### Exercise input:
========

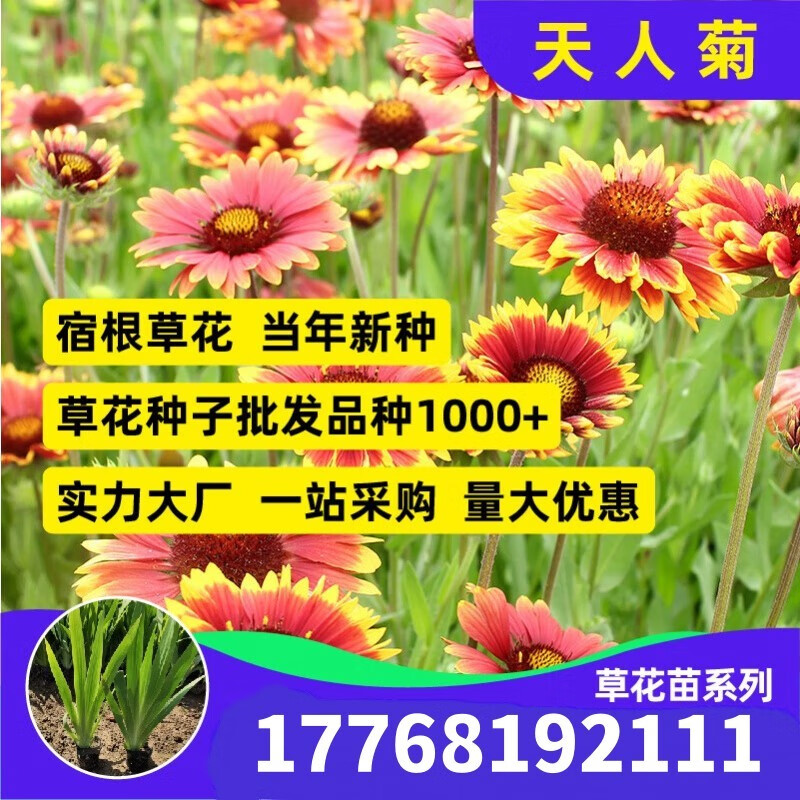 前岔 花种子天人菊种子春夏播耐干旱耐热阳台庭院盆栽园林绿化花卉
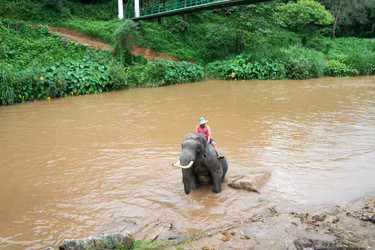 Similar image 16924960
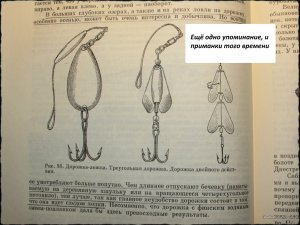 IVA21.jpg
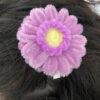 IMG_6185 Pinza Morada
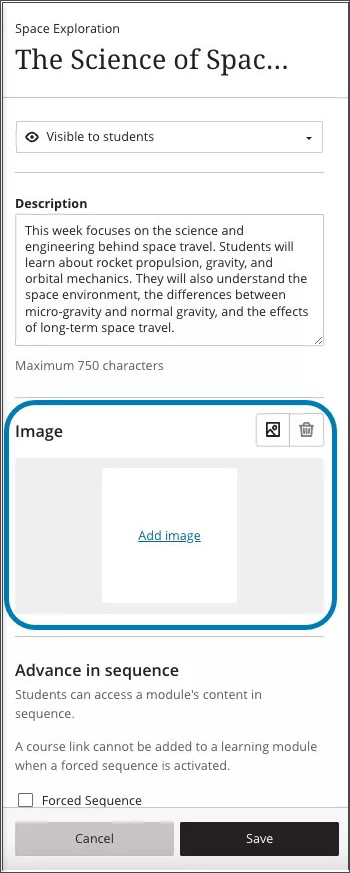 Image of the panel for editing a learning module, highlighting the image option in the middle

========

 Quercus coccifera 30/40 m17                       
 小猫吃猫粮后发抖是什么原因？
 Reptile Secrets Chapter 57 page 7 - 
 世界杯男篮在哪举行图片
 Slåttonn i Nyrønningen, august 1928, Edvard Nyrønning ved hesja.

========

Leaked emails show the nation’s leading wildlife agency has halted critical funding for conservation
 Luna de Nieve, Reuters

========

### Prompt:
All that belongs in your answer is the stretch of entries above from the line with "小猫吃猫粮后发抖是什么原因？" through the line with "Slåttonn i Nyrønningen, august", printed exactly.

### Reply:
 小猫吃猫粮后发抖是什么原因？
 Reptile Secrets Chapter 57 page 7 - 
 世界杯男篮在哪举行图片
 Slåttonn i Nyrønningen, august 1928, Edvard Nyrønning ved hesja.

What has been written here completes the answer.